David Vann. Foto: Quique García
Esperaba Tierra con ilusión. La novela se anunciaba como un cambio de tercio, pasando del paisaje de Alaska, dominado por la inclemencia del frío y la dureza del medio marino, al de California, retratada como una tierra seca y devastadoramente cálida. Vann, insisto, es un escritor de verdad a la caza de sus propios temas: la familia como un leviatán cruel; las relaciones paterno-filiales como una condena que recae sobre ambas partes, pero que sobre todo inhabilita la libertad de los herederos; el medio natural como una segunda piel de sus personajes. Y su estilo, aunque busque perfeccionarse con instinto omnívoro, siempre se labra con las mismas herramientas: morosidad rota por estallidos de crudeza, penetración psicológica que alterna ambigüedad y desquiciamiento, brevedad tajante de frase y párrafo, y una casi crueldad hacia el lector, que asiste desconcertado a un baile fatalista.
Tierra no es una excepción aunque la dialéctica cambie, porque la relación padre-hijo desarrollada en Sukkvan Island o la de madre-hija que estaba en el centro de la más coral Caribou Island, dan paso a un duelo entre madre e hijo en la que nos ocupa. De la mano de este desplazamiento, se incorporan también una resolución tan brutal como siempre aunque de distinto orden y una metáfora también distinta, la de la tierra que uno puede cavar, arrojar a paladas o masticar, frente al mar glacial de la remota Alaska. E incluso así, todo en Vann tiende a converger: el protagonista avanza por una "jungla" y eso "era como adentrarse en un mar vegetal, un mar somero y seco, implacable, escozor en los ojos, sabor a sal".

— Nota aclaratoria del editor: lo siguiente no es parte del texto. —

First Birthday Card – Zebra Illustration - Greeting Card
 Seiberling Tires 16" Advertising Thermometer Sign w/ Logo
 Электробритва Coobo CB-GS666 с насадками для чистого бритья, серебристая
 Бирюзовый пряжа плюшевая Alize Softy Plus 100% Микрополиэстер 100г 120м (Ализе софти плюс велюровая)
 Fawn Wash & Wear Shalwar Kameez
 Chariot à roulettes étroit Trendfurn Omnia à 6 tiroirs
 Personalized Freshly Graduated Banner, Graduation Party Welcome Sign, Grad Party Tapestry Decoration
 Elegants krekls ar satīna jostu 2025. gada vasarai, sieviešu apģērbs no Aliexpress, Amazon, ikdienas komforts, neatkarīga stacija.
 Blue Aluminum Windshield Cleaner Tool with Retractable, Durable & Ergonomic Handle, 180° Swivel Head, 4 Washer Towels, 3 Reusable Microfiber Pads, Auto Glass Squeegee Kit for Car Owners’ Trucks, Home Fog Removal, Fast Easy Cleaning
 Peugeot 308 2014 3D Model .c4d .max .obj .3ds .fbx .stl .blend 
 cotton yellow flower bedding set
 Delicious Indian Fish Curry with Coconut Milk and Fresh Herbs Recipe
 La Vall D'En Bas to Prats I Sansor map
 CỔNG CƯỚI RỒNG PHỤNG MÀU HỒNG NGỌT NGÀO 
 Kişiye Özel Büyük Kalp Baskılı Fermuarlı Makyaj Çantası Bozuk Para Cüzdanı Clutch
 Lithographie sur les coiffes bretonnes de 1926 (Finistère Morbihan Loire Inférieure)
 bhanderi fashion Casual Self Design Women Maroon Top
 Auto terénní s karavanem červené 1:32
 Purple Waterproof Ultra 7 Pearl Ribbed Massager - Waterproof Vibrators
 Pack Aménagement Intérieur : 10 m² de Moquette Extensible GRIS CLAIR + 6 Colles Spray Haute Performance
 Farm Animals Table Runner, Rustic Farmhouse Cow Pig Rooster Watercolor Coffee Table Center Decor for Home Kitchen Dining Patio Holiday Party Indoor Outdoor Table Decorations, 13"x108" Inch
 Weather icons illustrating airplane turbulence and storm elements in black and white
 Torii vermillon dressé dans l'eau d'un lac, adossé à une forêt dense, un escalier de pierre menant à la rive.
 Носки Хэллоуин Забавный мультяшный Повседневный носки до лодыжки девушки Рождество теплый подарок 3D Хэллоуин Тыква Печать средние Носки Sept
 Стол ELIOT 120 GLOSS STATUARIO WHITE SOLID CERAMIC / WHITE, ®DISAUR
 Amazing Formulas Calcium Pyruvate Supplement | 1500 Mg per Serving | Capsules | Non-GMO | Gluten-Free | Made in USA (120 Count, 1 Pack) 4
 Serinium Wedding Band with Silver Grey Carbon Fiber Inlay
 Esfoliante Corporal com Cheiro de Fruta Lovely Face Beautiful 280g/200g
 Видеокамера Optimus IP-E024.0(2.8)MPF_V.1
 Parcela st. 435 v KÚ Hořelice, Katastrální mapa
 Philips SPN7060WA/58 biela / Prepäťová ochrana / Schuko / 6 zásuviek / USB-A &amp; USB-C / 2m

El narrador de Tierra es un adolescente llamado Galen, la cabeza repleta de morralla espiritualista muy californiana. Para entender a Galen hay que observar a su madre, entregada a una tremenda e inútil lucha contra la realidad. Danzando alrededor de estos dos personajes, hay una prima descarada y obscena, una tía desquiciada y una abuela perdiendo la memoria. Esta es, de hecho, una familia con mucho que olvidar, todos ellos decididos a acometer ese olvido o a perturbarlo sólo con versiones enajenadas de la verdad. Así, Tierra avanza sin rumbo fijo, mostrando una rutina disfuncional y enervante, pero emitiendo señales claras de tragedia. Y de pronto, a la mitad del libro se da un vuelco que nos violenta definitivamente.
Tengo un doble veredicto sobre Tierra. Si hablo de mi propia experiencia, diré que el libro no logra herirme. Hay razones: creo detectar en Vann una tendencia al subrayado, la reiteración y la obviedad que hace descarrilar mi lectura a menudo. Pero también es cierto que el último tercio de la novela es un salto mortal atrevido, una danza primigenia que bordea el ridículo constantemente sin caer nunca en él, que va acumulando significados trascendentes y la parodia de esos significados, y que deja algunos fragmentos lúcidos, como el de esos dedos apartando tierra "a través del tiempo". Así que mi segundo veredicto, quizás más relevante, es que la obra merece respeto. Vann ha salido a la caza de bestias muy peligrosas para volver vivo. Sólo pido que no exageremos.